→ **Task requirements**
Every line between the one containing "Гирлянда &laquo;Бахрома&raquo; 2.4" and the last line of the data, both included, is to be set down exactly, and pictures are to be omitted.

→ **Collected data**
......

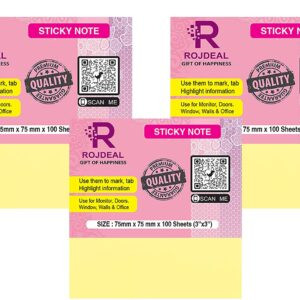 Rojdeal Sticky Notes (3″ X 3″) Inch Pads, (1200 Sheets, Canary Yellow) Pack of 12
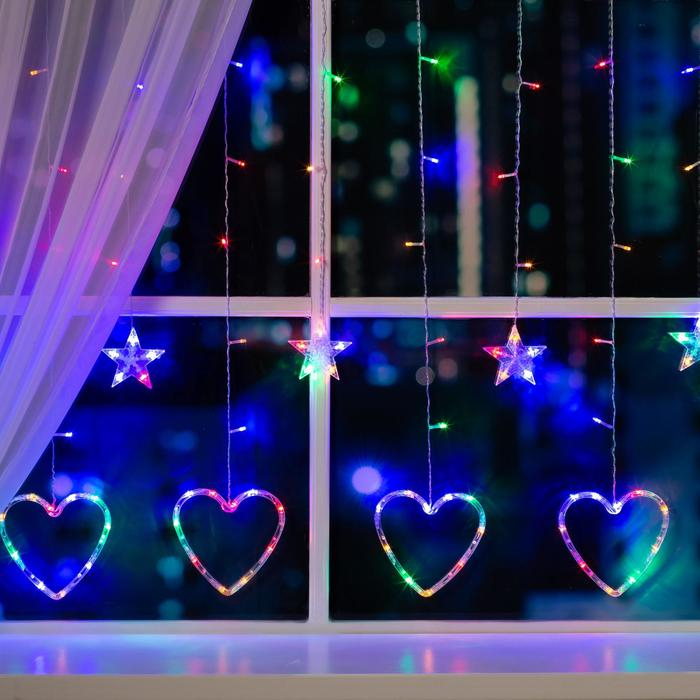 Гирлянда &laquo;Бахрома&raquo; 2.4 &times; 0.9 м с насадками &laquo;Сердце&raquo;, IP20, прозрачная нить, 186 LED, свечение мульти, 8 режимов, 220 В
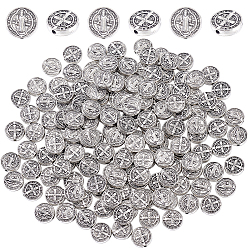 Античное Серебро 150шт. плоские круглые бусины из сплава в тибетском стиле, с Иисусом и латинского креста, на Пасху, античное серебро, 10x2.5 мм, отверстие : 1 мм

......

→ **Exercise answer**
 Гирлянда &laquo;Бахрома&raquo; 2.4 &times; 0.9 м с насадками &laquo;Сердце&raquo;, IP20, прозрачная нить, 186 LED, свечение мульти, 8 режимов, 220 В
 Античное Серебро 150шт. плоские круглые бусины из сплава в тибетском стиле, с Иисусом и латинского креста, на Пасху, античное серебро, 10x2.5 мм, отверстие : 1 мм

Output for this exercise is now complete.